Shadow oligarchy

Breaking News
- Advertisement -

 

Oleh Erizeli Bandaro

Mudanews.com OPINI – Dalam kabut malam Dunsinane, Lady Macbeth pernah berkata,“Look like th’ innocent flower, But be the serpent under’t.” Demikianlah kekuasaan di negeri ini tumbuh, menyaru dalam wajah-wajah ramah, dalam pidato yang lembut, namun di akarnya menggenggam erat urat-urat kepentingan yang tak pernah benar-benar tulus.

Di balik nama Jokowi yang tampak sederhana, tersembunyi kekuatan lain yang lebih diam, lebih panjang umurnya dibanding masa jabatan presiden mana pun: oligarki. Bukan oligarki ide, bukan oligarki visi, melainkan oligarki kapitalisme—yang ukurannya sederhana: kekuasaansumber daya, dan jaminan keamanan hukum bagi mereka yang membangun kekuasaan itu dari balik layar.

Di balik senyum Jokowi yang bersahaja, ada tangan-tangan yang tak tampak, yang terus bekerja memastikan panggung tetap utuh, memastikan suara-suara yang melawan akan diperlunak, atau dipadamkan.

Dan Prabowo, kini duduk di kursi puncak yang diidamkannya sejak lama. Namun kekuasaannya bukan berdiri di atas keberanian penuh, bukan juga atas mandat yang benar-benar bebas. Ia tahu, istana yang kini ia huni bukan didirikan oleh kekuatan dirinya semata, tapi oleh kompromi panjang dengan oligarki yang sama. Oligarki yang memberinya tiket ke istana, tentu tak memberikannya dengan cuma-cuma.

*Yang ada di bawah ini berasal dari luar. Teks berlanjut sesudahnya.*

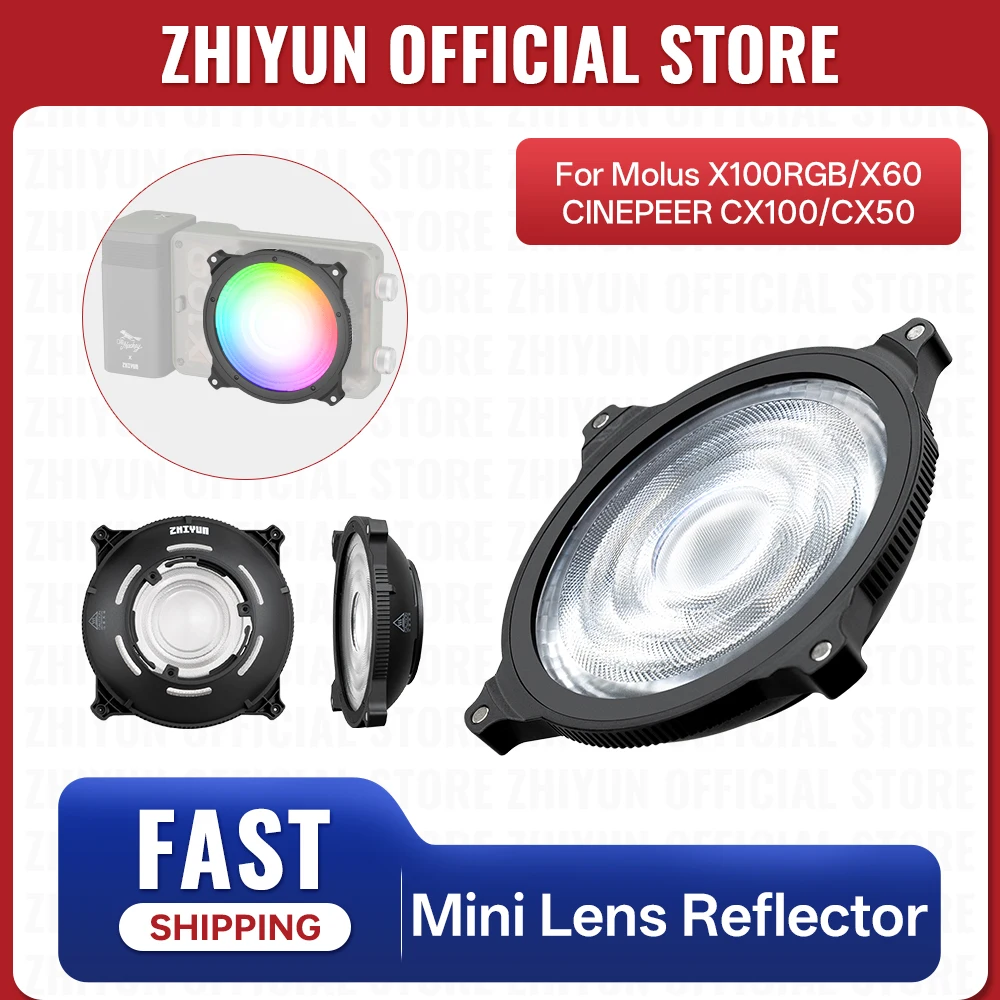ZHIYUN Offizieller Mini-Linsenreflektor, ZY-Mount, verstellbarer Lichtmodifikator, 5 x Helligkeitsboost, geeignet für X100RGB CX100 X60 CX50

Di balik setiap jabat tangan, ada harga yang harus dibayar: pembagian kursi, pembagian proyek, pembagian sumber daya, dan yang terpenting: pembagian perlindungan dari hukum. Maka jangan heran, jika musuh-musuh lama Jokowi tetap dibungkam, jika aparat hukum masih berjalan menurut kompas yang lama, bukan karena perintah langsung, tapi karena sistem yang telah lama dibangun untuk saling menjaga.

Di republik ini, keadilan bukan lagi soal benar dan salah, tapi soal posisi di dalam lingkaran kompromi. Siapa di dalam, aman. Siapa di luar, akan dikejar sampai letih. Prabowo tahu itu. Sebab untuk bertahan, ia tak cukup hanya punya tekad. Ia perlu berdamai dengan pola lama yang menjerat. Oligarki itu ibarat pagar tak terlihat: ia menjaga sekaligus membatasi. Melangkah terlalu jauh, terlalu berani, terlalu mandiri—bukan hanya akan mengguncang kekuasaannya, tapi bisa mengguncang keseimbangan yang telah rapuh sejak awal.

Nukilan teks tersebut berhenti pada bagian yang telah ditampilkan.